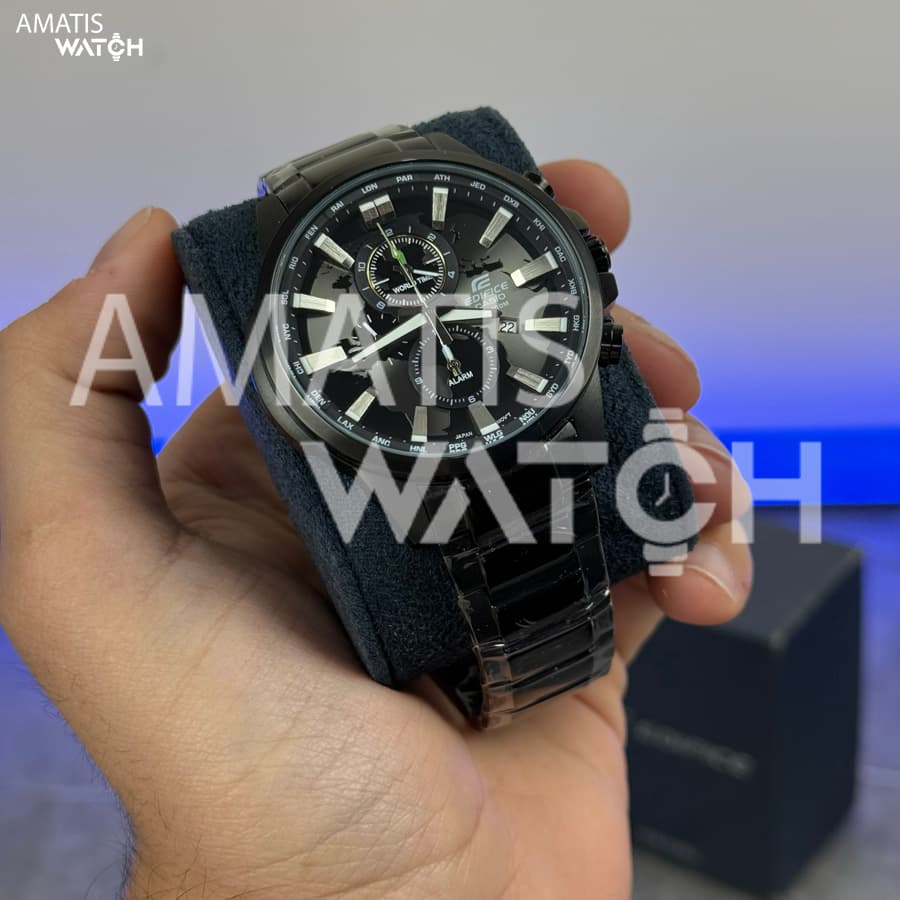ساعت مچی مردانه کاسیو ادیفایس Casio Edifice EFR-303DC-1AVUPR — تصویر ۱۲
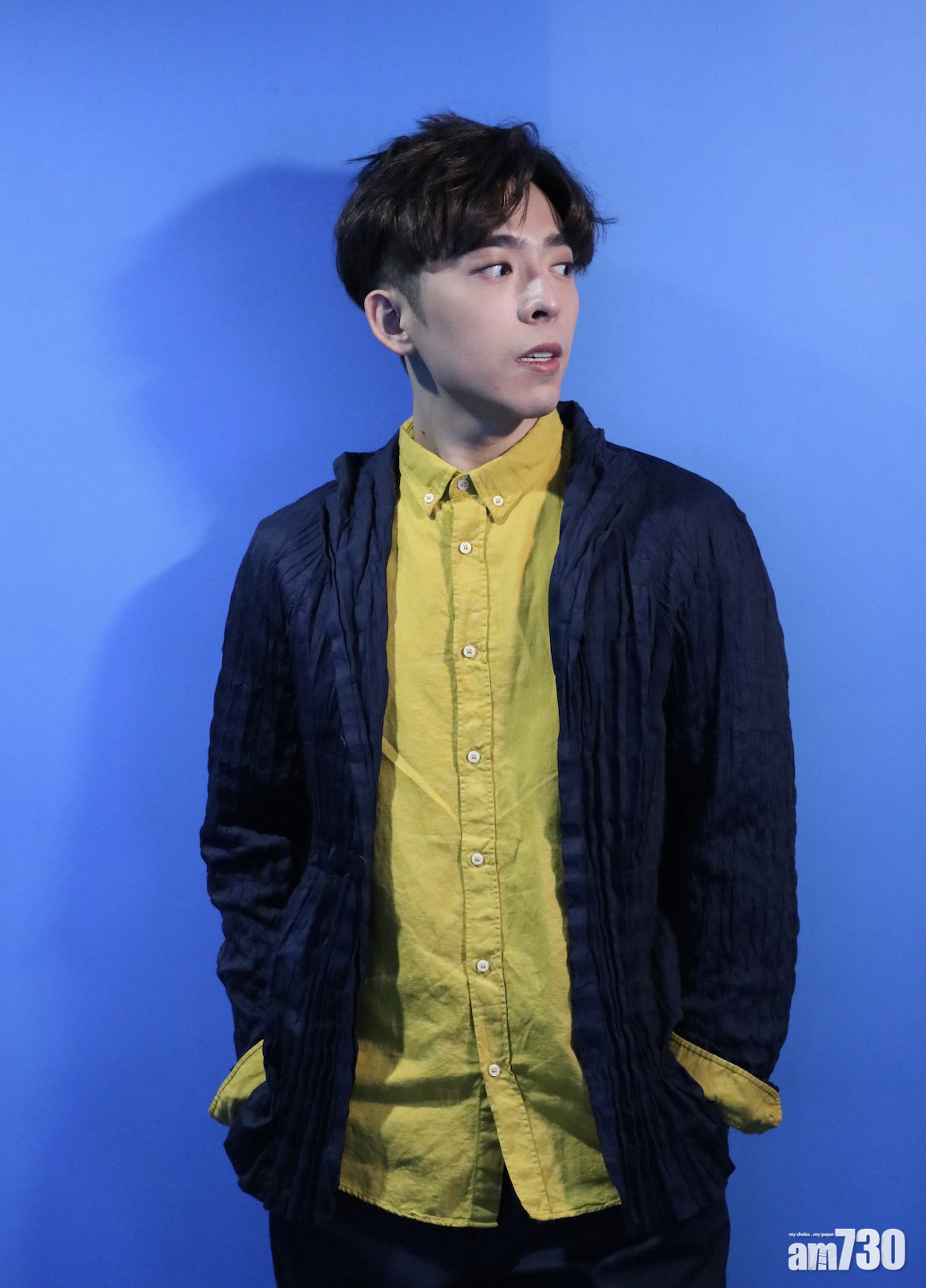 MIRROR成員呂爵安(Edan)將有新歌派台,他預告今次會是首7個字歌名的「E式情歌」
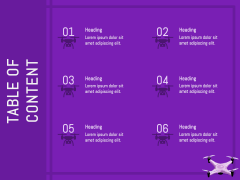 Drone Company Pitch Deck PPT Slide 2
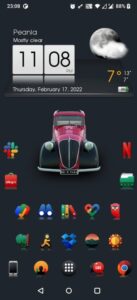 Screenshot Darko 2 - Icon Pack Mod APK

### TASK BRIEF
Using the listing above, copy every line from the line containing "Drone Company Pitch Deck PPT Slide 2" through the last one, both included, and no other lines. Pictures stay out.

### ANSWER BOX
 Drone Company Pitch Deck PPT Slide 2
 Screenshot Darko 2 - Icon Pack Mod APK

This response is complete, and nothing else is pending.